Odchudzony ścigacz Quadro 250 by Kenobi v3
: 6 kwie 2015, o 18:26
Temat mógłby się nazywać Ścigacz Quadro by Kenobi36 v3 ale samo quadro jak quadro nic nie wnosi natomiast walka z wagą jest już dużo ciekawsza.
Wszystko zaczęło się od Ścigacza V3 którym już zrobiłem już ok 50 lotów i sprawuje się świetnie, model można rzec całkowicie bezawaryjny, lata po sznurku ale trochę ociężale.
Quadro v3 składa się z:
Standardowej konstrukcji ramy węglowej klasy 250 o masie ok 130g
Silniki RCX 1806 2400kv - bardzo dobre silniki, jak na razie mają ok 50 lotów ale nic nie świadczy aby pojawiały się jakieś luzy lub trzeszczenie łożysk.
Regulatory Mystery blue serries 12A przeflashowanych na BLheli v13 z oneshot.

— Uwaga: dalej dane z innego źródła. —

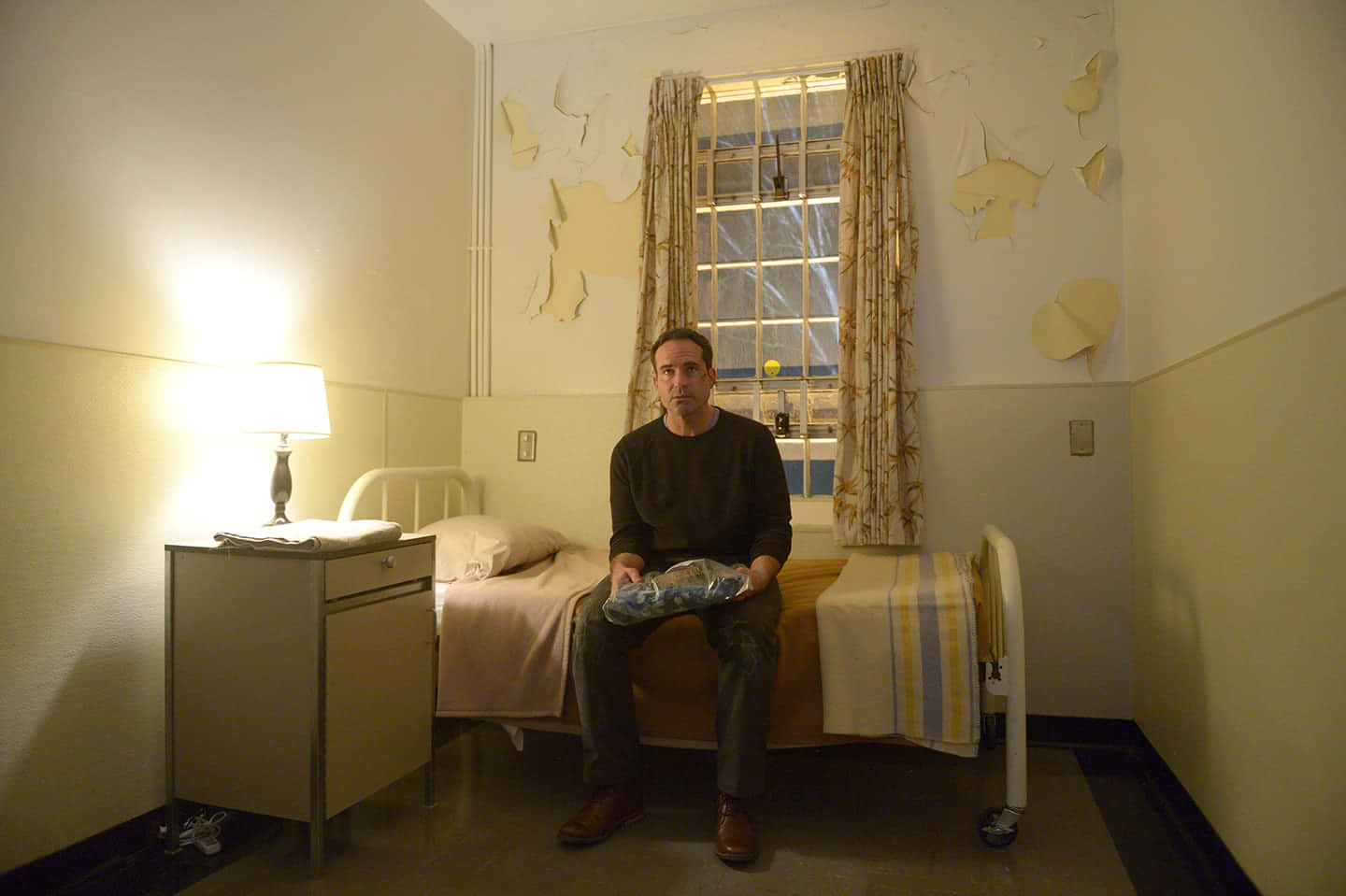 Jason Patric, hospital bed, dimly lit room, HD Desktop Wallpaper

Śmigła Gemfan 5030 - tu dosyć śmieszna historia bo zanim zacząłem latać FPV to zrobiłem sporo wywiadów co do jakości śmigieł. Natomiast jak już zacząłem latać to słabej jakości gemfany 5030 są najlepszym chyba wyborem, są przede wszystkim tanie, oraz nie są twarde co powoduje że łopatki się łatwiej gną a ośki i łożyska mniej obrywają przy glebach. Poza tym quad równie dobrze lata przy nówkach jak i wykrzywionych (czasami o 90st) i wyprostowanych śmigłach, wyszczerbionych a także przyciętych byle jak 6030 i wszelkich kombinacjach wcześniej wymienionych . Nawet quad bez problemu wisi na odwrotnie założonym śmigle, jedynie szumi strasznie .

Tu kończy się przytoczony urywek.